Neden olmasın, "Başkanlık Sistemi"nin Türkiye’yi nerelere getirdiğini, tek adamla yönetim süresince başının beladan kurtulmadığını, halkın büyük bir bölümünün mutsuz ve huzursuz olduğunu, şu bir haftalık karantina süresince düşünmüş olamaz mı?
Kabineden mutlaka bir değişiklik yapması gerektiğini, başarısız olanları hemen değiştirmesinin şart olduğunu, erken seçim kararının ülkedeki gerginliği belki de giderebileceğini, liderleri ortak bir toplantıya çağırmasının faydalı olabileceğini de planlamış yada hesaplamış olabilir.

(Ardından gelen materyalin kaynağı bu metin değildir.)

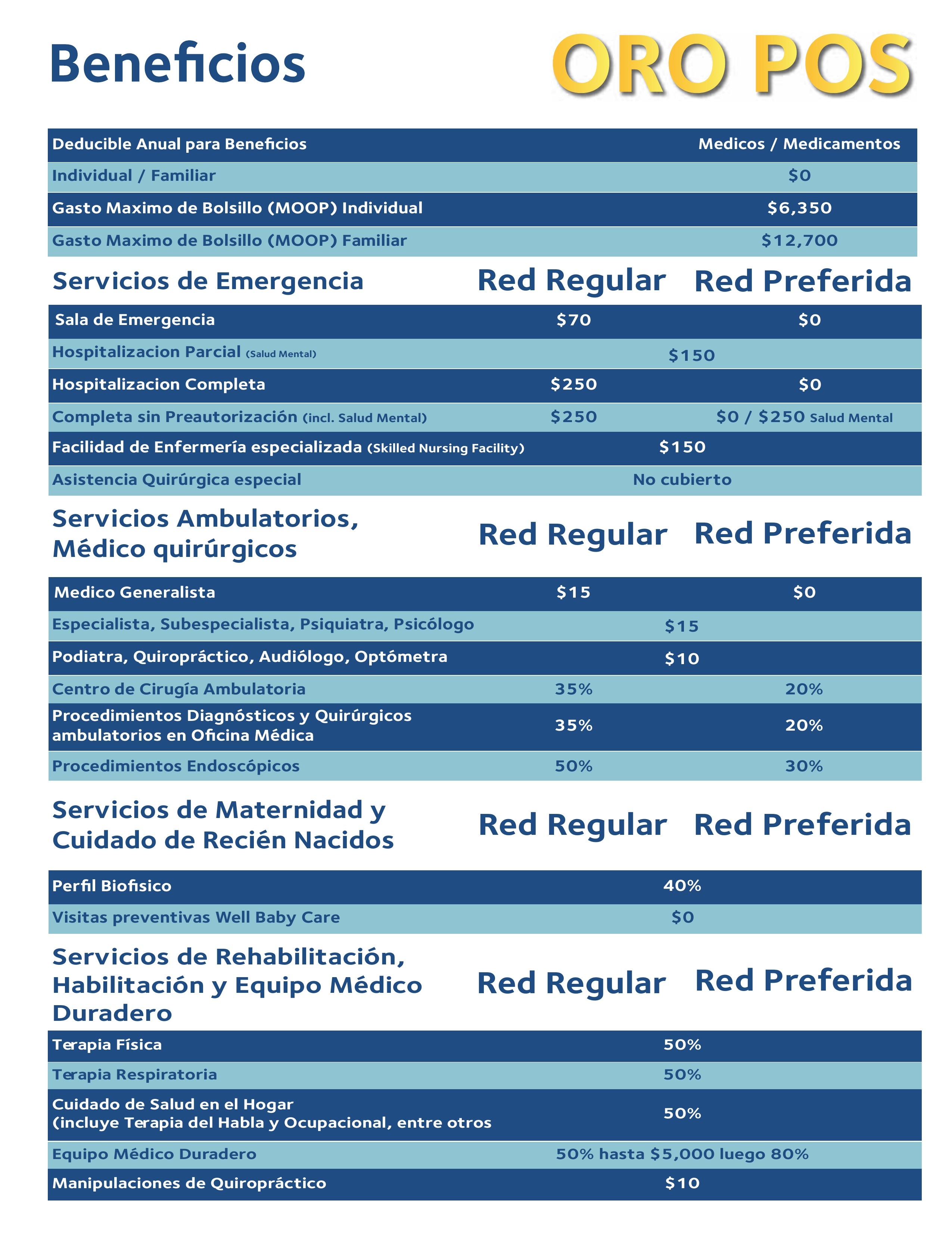 ORO POS — página 1 de 2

Kafalardan kötü düşünceleri kovarak, ülkemizin iyiliği için gereken değişikliklerin olmasını dilesek ya...
İyiliği çağırırsak iyilik, kötülüğü çağırırsak kötülük gelirmiş.
Gelin biz tüm olumsuzluklara rağmen, yine de iyilikten yana olalım, iyiliği çağıralım, iyiliği dileyelim.
Bu duygularla, başta AKP Genel Başkanı ve Cumhurbaşkanı'na, Milli Savunma Bakanı'na, tüm korona ve diğer hastalıklara yakalananlara geçmiş olsun diyelim ve acil şifalar dileyelim.